The Story
Why it exists.
The beginning
Ginestet built its identity around the belief that wine-producing regions carry aromatic signatures as distinctive as any botanical garden. Sauvignonne, launched in 2008, takes its name directly from the Sauvignon Blanc grape, the variety that defines white Bordeaux. The house didn't want a fragrance that smelled like wine. It wanted one that captured the morning a vineyard breathes before harvest: green stems, dewy fruit, the particular brightness of a grape that hasn't yet decided to become something else. Boxwood, grapefruit, and white peach form the architecture, each note a different hour of that early morning, each layer a different part of the estate waking up.
What makes Sauvignonne interesting is the structural choice: a top accord that reads almost too literally as "green." Boxwood isn't a common fragrance note, it carries a certain vegetal, almost stemmy quality that most perfumers avoid because it's difficult to control.
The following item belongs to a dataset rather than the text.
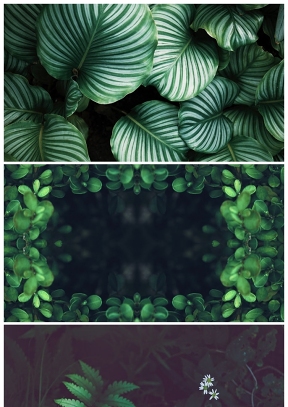 養眼綠色植物PPT背景圖片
Pairing it with grapefruit (which can skew harsh) and white peach (which can skew generic) is a risk. The house took it anyway. The result is a fragrance that opens with an almost botanical-garden clarity before the woody base grounds it into something wearable. It's not trying to be everything. It's trying to be exactly one thing: a morning in the vines.
The evolution
The opening arrives bright, grapefruit first, sharp and awake, followed by the softer sweetness of white peach. Boxwood announces itself quickly, a green counterweight that keeps the fruit from getting too soft. Within twenty minutes, the grapefruit recedes and the woody accord begins its slow takeover, taking the peach with it. By the hour, you're left with something quieter, the drydown is soft, intimate, close to the skin. It doesn't project. It doesn't linger for hours. On fabric, the drydown holds slightly longer than on skin, a faint green-woody memory that fades evenly rather than collapsing. Sauvignonne is a short story. It knows when to end.
Cultural impact
Sauvignonne occupies a specific corner of niche perfumery: the wine-inspired fragrance that doesn't reach for literalism. Where other houses have attempted to recreate the smell of wine itself, Ginestet chose to capture the atmosphere of the vineyard. The fragrance finds its audience among wearers who understand that Bordeaux isn't just a region, it's a philosophy of patience, terroir, and knowing what you're tasting.